FireRosenstein hashtag analysis – hunting for Twitter bots, fakes, or suspicious accounts with rtweet. Part 1 – Getting the Twitter data and preparing it for Gephi

Categories R, Twitter analysis

Hunting Twitter bots / sockpuppets with rtweet and Gephi

rtweet and Gephi are two useful (and free) options to investigate Twitter data through their API. In this series of articles, I will show you what can be done with this data to try to identify Twitter bots or sockpuppets (i.e. ‘fake’ accounts run by someone pretending to be someone else). I will use the hashtag #firerosenstein as the subject of this case study. As found by the excellent @conspirator0 and friends, this hashtag was used frequently by pro-Trump accounts following the release of Devin Nunes’ memo on 2nd February. ‘Rosenstein’, in case you didn’t know, refers to Rod Rosenstein, the Deputy Attorney General of the United States.

In this first post I will show you how to get the data from Twitter and then prepare it in a format that can be read by a social network analysis program such as Gephi.

Just to note that I have only been using rtweet for a couple of weeks, so if anything appears to be inefficiently done in the following tutorial, please let me know!

Getting Twitter data using rtweet

First you will need a Twitter account, and then you will need to sign up for a ‘Twitter App’ so that you can access data from the Twitter API. You can do that here. I won’t go into detail on how to do that here but here is a useful guide to get you started.

A couple of things you need to note from the above. You will need to note down the app name, consumer key and consumer secret key going forward. Also, on the ‘Settings’ page you will need to set the callback URL to http://127.0.0.1:1410 for rtweet to work. Once that is done, we can move onto using rtweet!

Loading rtweet

A very useful introduction to rtweet can be found on the documentation website here, which gives an overview of all the main functions, including those I will use here.

## install rtweet from CRAN
# install.packages("rtweet")

## load rtweet into R
require("rtweet")

## Create an access token for rtweet. Take the following information from your own app
# create_token(
#   app = "appname",
#   consumer_key = "consumer_key", 
#   consumer_secret = "consumer_secret_key"
#   )

Getting your first tweets

We are now ready to search Twitter for tweets. However, it is good to note here that there are significant limitations to the public API. You can only search for tweets posted in the last 6-9 days.
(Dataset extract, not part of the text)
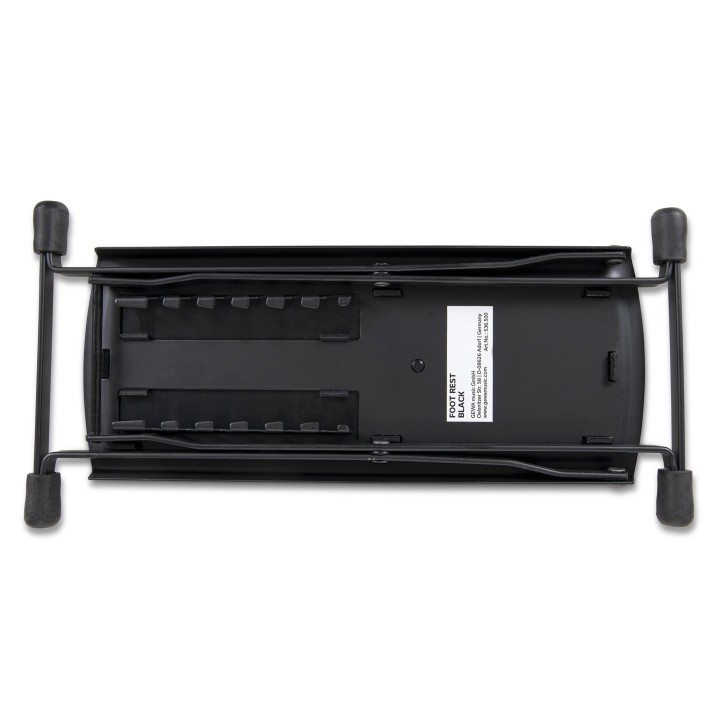 Gewa - Poggiapiede VE20 Nero FS-10B 536500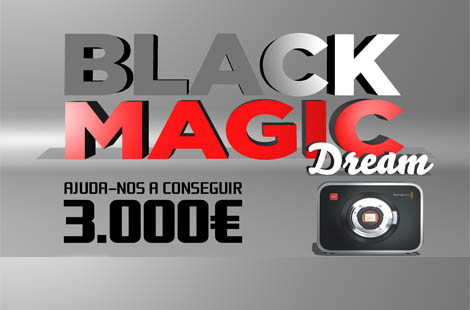 Sul Informação - Jovem empresa We Make Productions lança crowdfunding para comprar câmara Black Magic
Also, there are rate limitations that prevent you from being able to take tens of thousands of tweets / user details at once. These limitations are highlighted on the rtweet info page.
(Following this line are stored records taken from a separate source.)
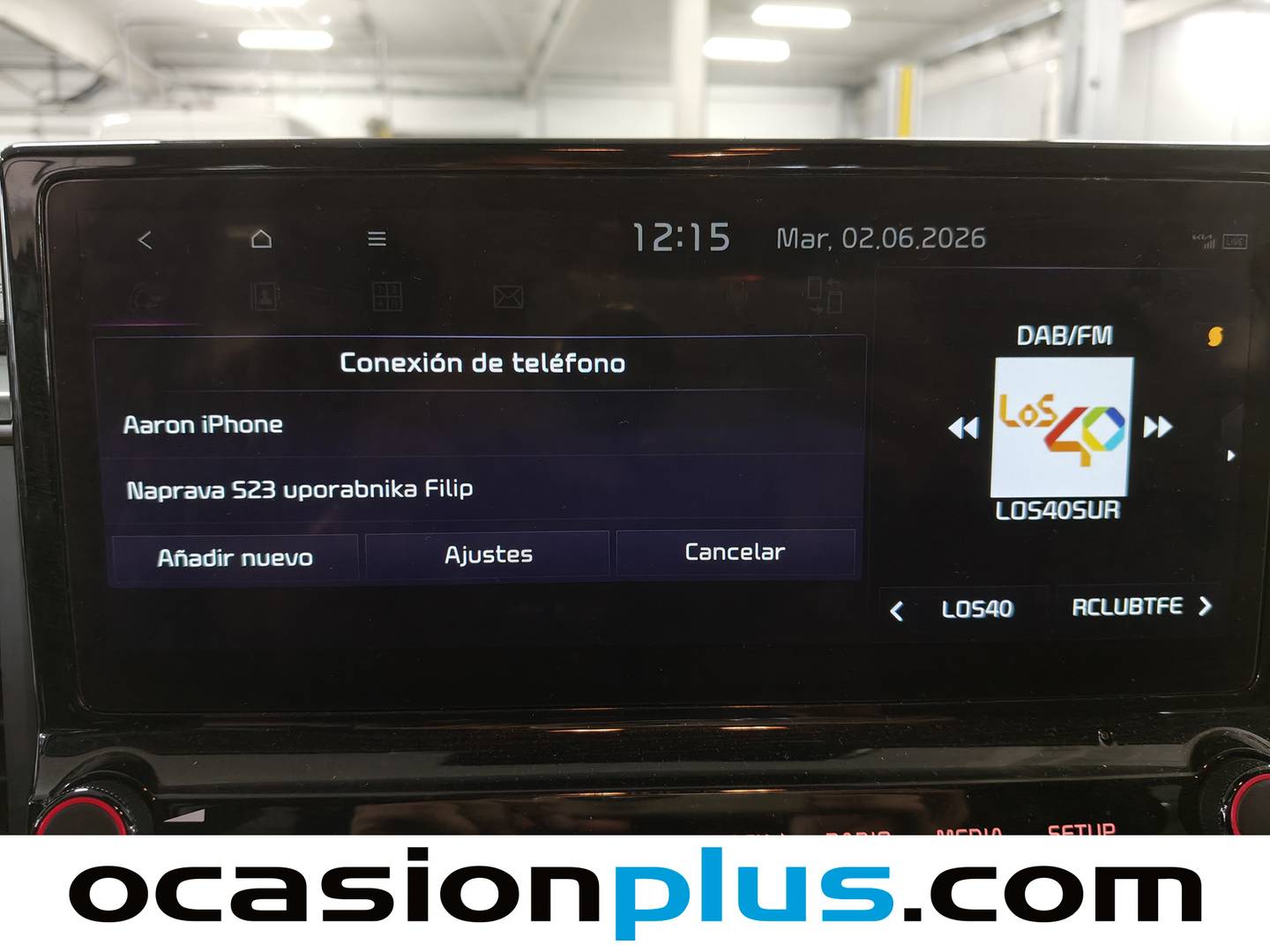 KIA XCeed KIA XCeed 1.0 T-GDi Drive (100 CV) gasolina
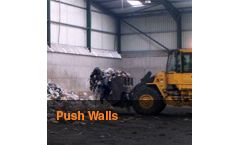 ACP - Precast Concrete Waste Transfer Walls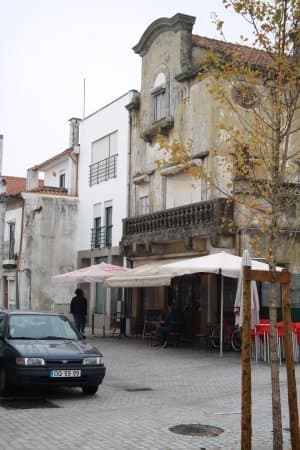 Restaurantes O Marquês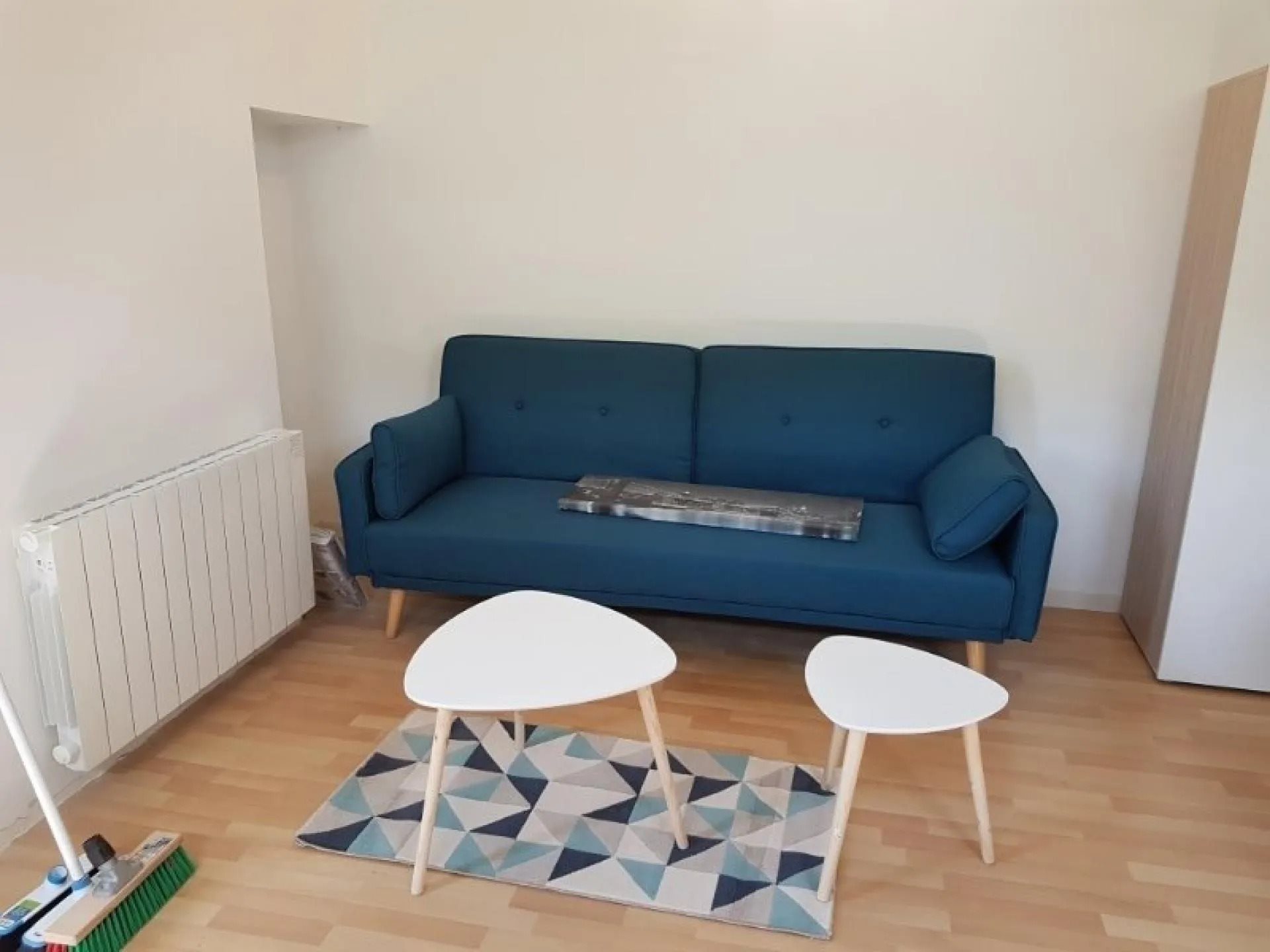 Appartement à louer, 27m², Saint-Georges-des-Groseillers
To get your first tweets, we will use the function ‘search_tweets’. Below (and throughout) I have shown the original rtweet commands I used in commented code, as I didn’t want to show my api details here.
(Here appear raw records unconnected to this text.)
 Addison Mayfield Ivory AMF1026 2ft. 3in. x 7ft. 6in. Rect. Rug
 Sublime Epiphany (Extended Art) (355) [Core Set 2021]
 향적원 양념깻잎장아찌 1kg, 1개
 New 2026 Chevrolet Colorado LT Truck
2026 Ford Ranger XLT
# rosenstein_tweets_add <- search_tweets(
  # "#firerosenstein", n = 50000, include_rts = T, type = "recent", retryonratelimit = T, parse = T
# )

Cleaning the data to export as csv

Now that we have the Tweets, it would be useful to save this as a csv so that we can keep it and reload it later. Unfortunately the ‘search_tweets’ function gives you a kind of data frame with a number of embedded lists inside. We can sort deal with this now turning them into character format. Also, information about the Tweet posters is saved as attributes attached to the main dataframe. It would be useful to save this as a separate csv file that we can also use later.

## Extract the Tweet poster information from the tweets
# poster_details <- as.data.frame(attr(rosenstein_tweets_add, 'users'))

# write.csv(poster_details, "rosenstein_tweets_2_poster_details.csv")

## Change the embedded lists to character vectors 
# rosenstein_tweets_add <- apply(rosenstein_tweets_add,2,as.character)
# rosenstein_tweets_add <- as.data.frame(rosenstein_tweets_add, stringsAsFactors = F)

# write.csv(rosenstein_tweets_add, "rosenstein_tweets_2.csv")

Now we have the tweets safely stored in csv files. In my csv, I have 7400 tweets in the data, spanning from 3 to 13 February 2018. You can find the files here on Github, along with the poster information file, so that you can follow along with this analysis. However, I have noticed that expert Twitter bot hunter ‘@conspirator0’ is included as a prominent tweeter in the database due to his investigation of the #FireRosenstein. As I am looking for suspicious accounts, I will remove him from the dataset, leaving us with 6966 tweets.

## Load csv files
rosenstein_tweets_add <- read.csv("rosenstein_tweets_2.csv")
rosenstein_tweets_add_poster_details <- read.csv("rosenstein_tweets_2_poster_details.csv")

## Remove any tweet including @conspirator0, as this is a well-known twitter troll hunter
rosenstein_tweets_add <- rosenstein_tweets_add[-grep("conspirator0",rosenstein_tweets_add$text),]

Finding retweets and poster names

The ‘screen_name’ column gives us the name of the poster. But to get the name of the user that they retweeted, we can use a regex function to find the first word after an ‘@’ sign. There is a handy ‘is_retweet’ column in the dataset that we can use to get this data.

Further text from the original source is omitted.